The Securities and Exchange Commission has charged Changpeng Zhao, the founder of Binance Holdings Ltd. (“Binance”), Binance.com, the largest crypto asset trading platform in the world, BAM Trading Services Inc. (“BAM Trading”), and Binance.US, Binance.com’s joint venture partner, with a number of securities laws violations.
The SEC asserted, among other things, that Zhao and Binance surreptitiously allowed high-value U.S. customers to continue trading on the Binance.com platform despite publicly claiming that U.S. customers were prohibited from doing so.
Furthermore, the SEC said that Zhao and Binance secretly oversaw the activities of the Binance.US platform despite publicly claiming that Binance.US was developed as a distinct, independent trading platform for American investors.

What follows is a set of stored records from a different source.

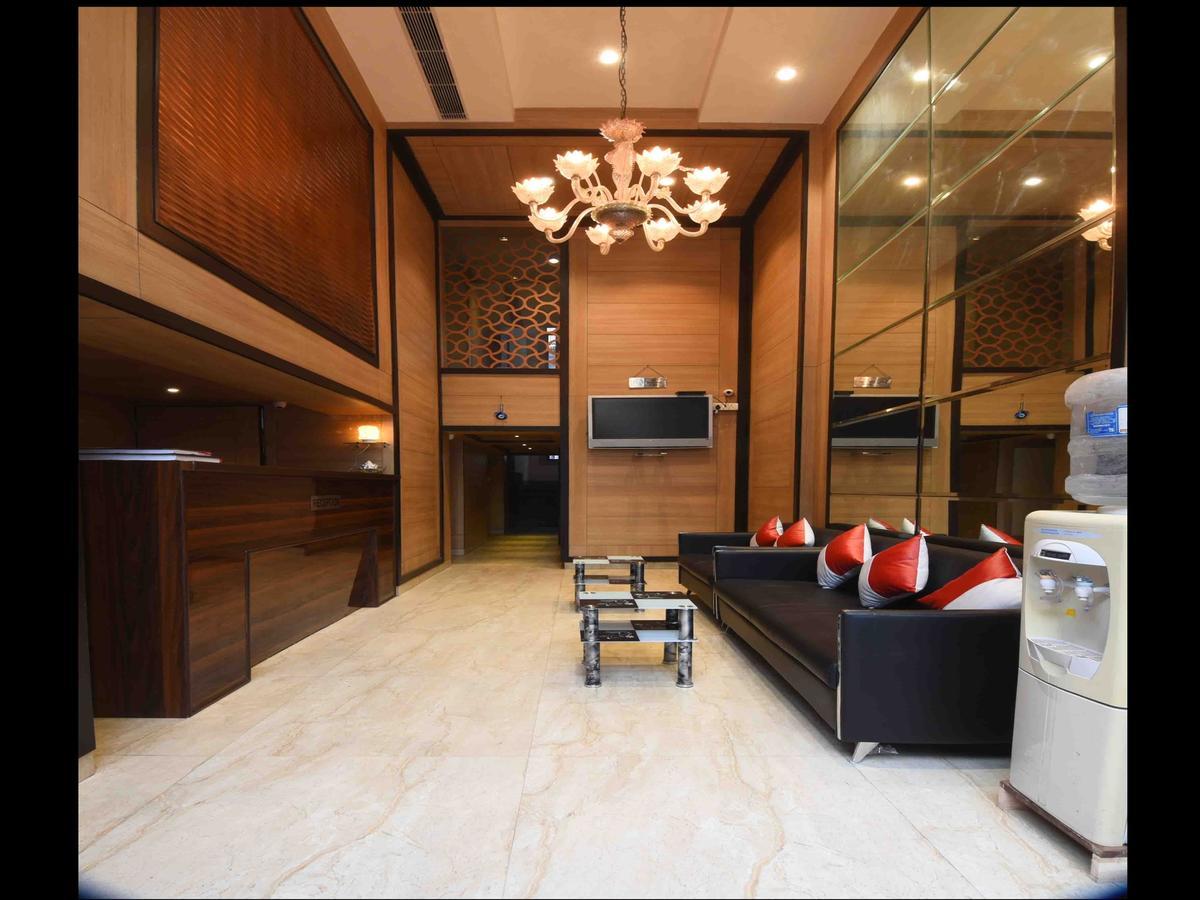 Hotel Royal Grand - Opposite Axis Bank East Patel Nagar New Delhi Extérieur photo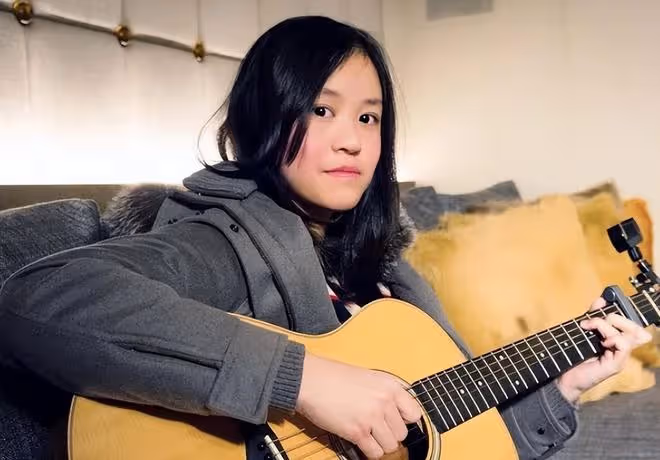 豪門棄女劉秀盈曬父親劉鑾雄送的花，卻被嘲笑：不如你妹十億豪宅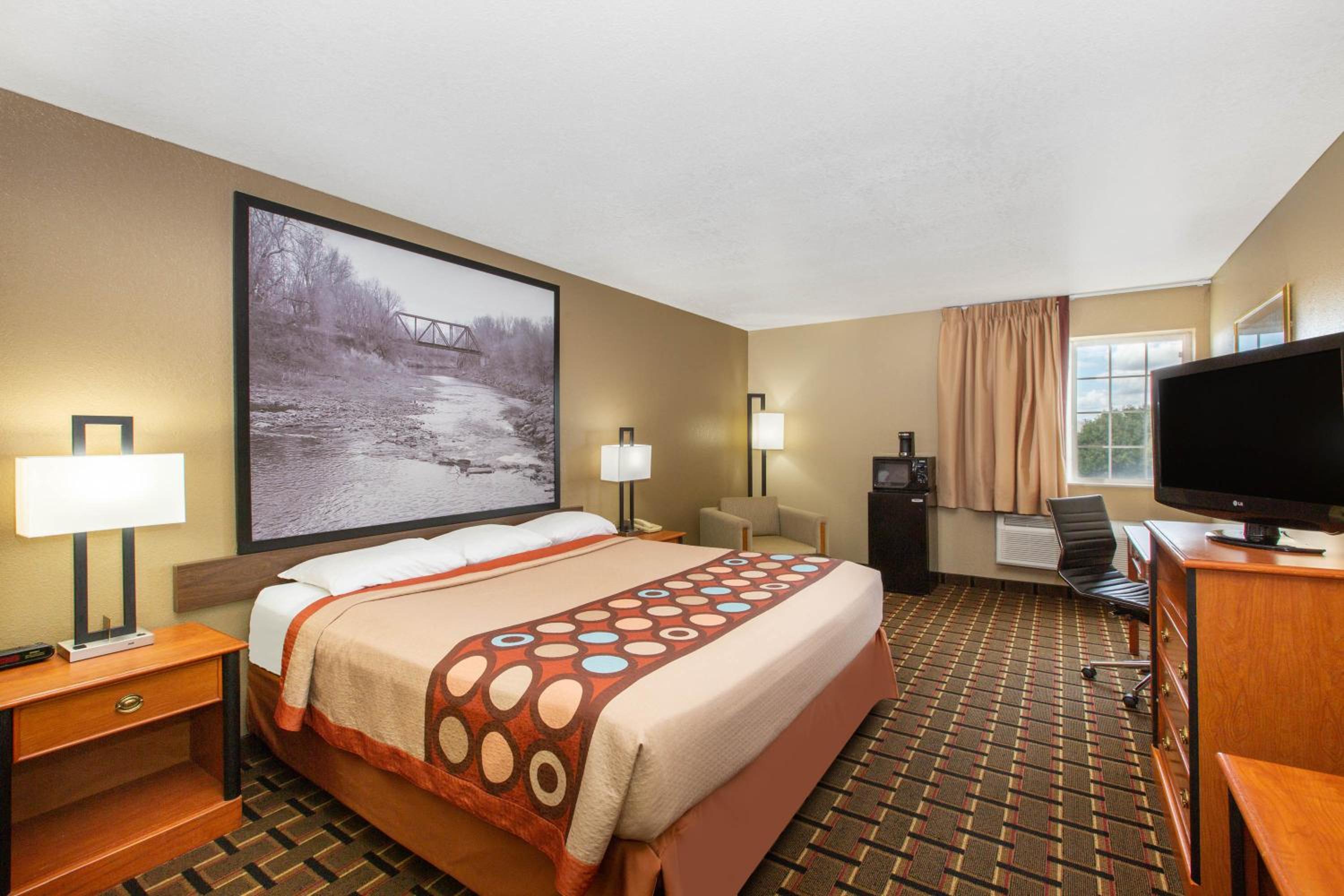 King Room - Non-Smoking - Photo 4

SEC Charges Binance of Unregistered Exchange and Sale of Crypto Assets:
“The general population should exercise caution while using or putting any of their hard-earned money on these illegal networks.”
SEC stated in their press release.
Source: Flickr
The SEC accused Binance of running an unlicensed exchange, broker, and clearing agency, selling crypto assets without a license, allowing US users to access its global trading platform, and misleading investors about purported internal controls and market surveillance features.